• **WHAT IS NEEDED**
Find the line containing "Two Tone R/Hand". Retype it and every later line of the records exactly, leaving out pictures.

(Image-caption web data)
:::::

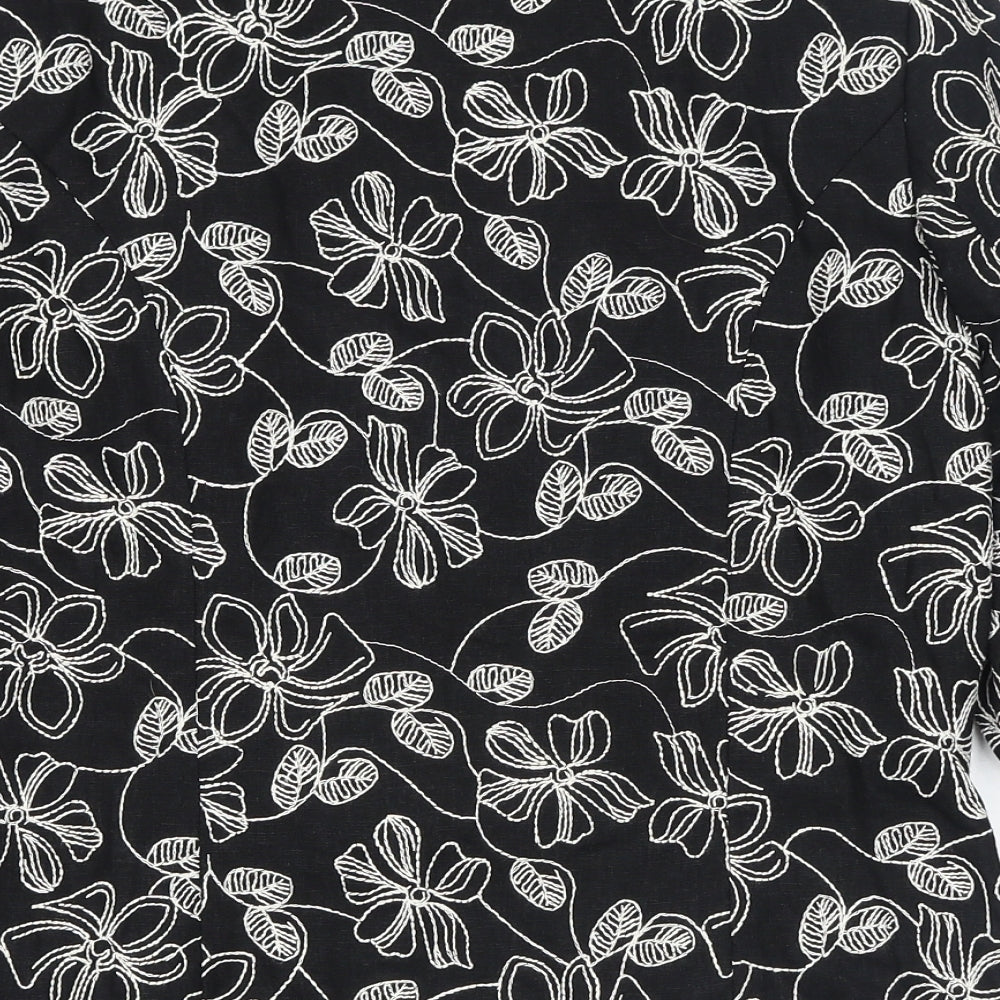 EWM Womens Black Floral Jacket Blazer Size 10 Button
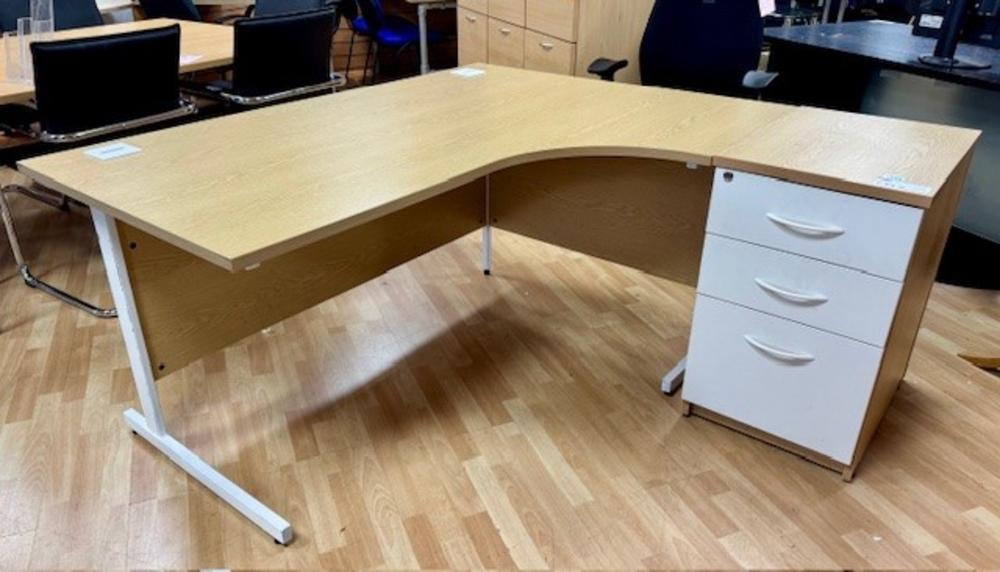 Two Tone R/Hand 1600mm Radial Desk with Desk High Pedestal 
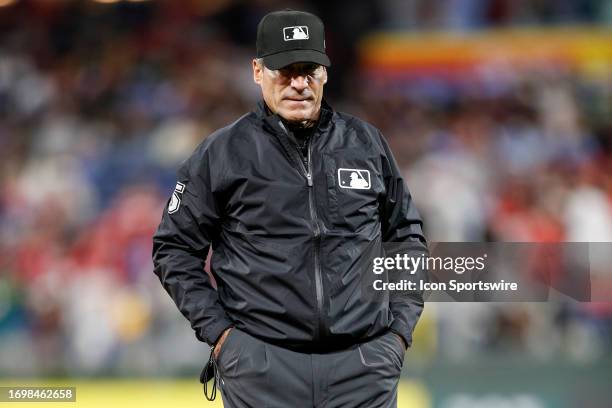 Umpire Angel Hernandez works a regular season game between the Pittsburgh Pirates and Philadelphia Phillies on September 26 at Citizens Bank Park in...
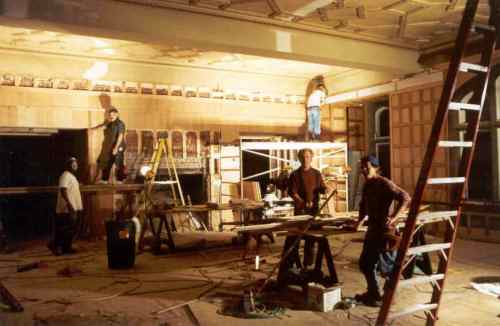  Construction continued almost around the clock, in order to meet the movie deadline. 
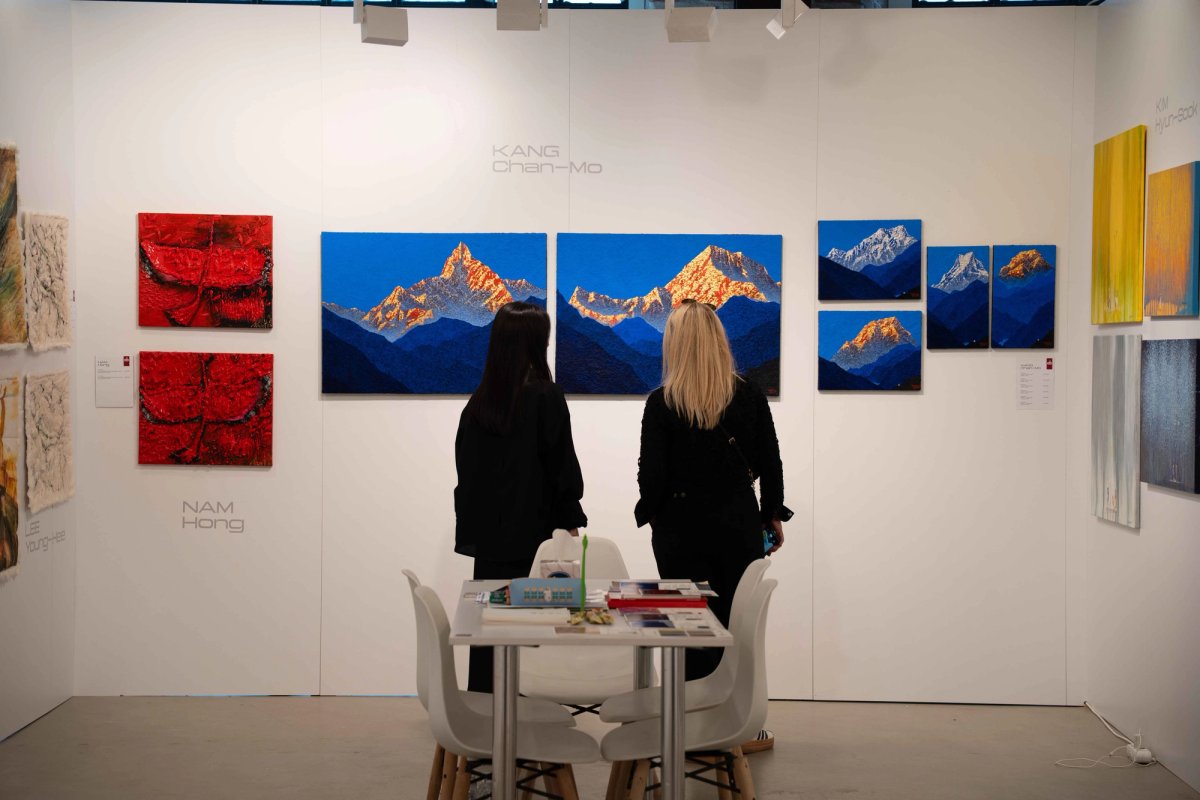 The stand of Seoul’s AB Gallery at a previous edition of the Istanbul Contemporary fair, which this year returns to the Tersane Istanbul venue, a restored Ottoman shipyard complex Courtesy Istanbul Contemporary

:::::

• **SOLUTION**
 Two Tone R/Hand 1600mm Radial Desk with Desk High Pedestal 
 Umpire Angel Hernandez works a regular season game between the Pittsburgh Pirates and Philadelphia Phillies on September 26 at Citizens Bank Park in...
  Construction continued almost around the clock, in order to meet the movie deadline. 
 The stand of Seoul’s AB Gallery at a previous edition of the Istanbul Contemporary fair, which this year returns to the Tersane Istanbul venue, a restored Ottoman shipyard complex Courtesy Istanbul Contemporary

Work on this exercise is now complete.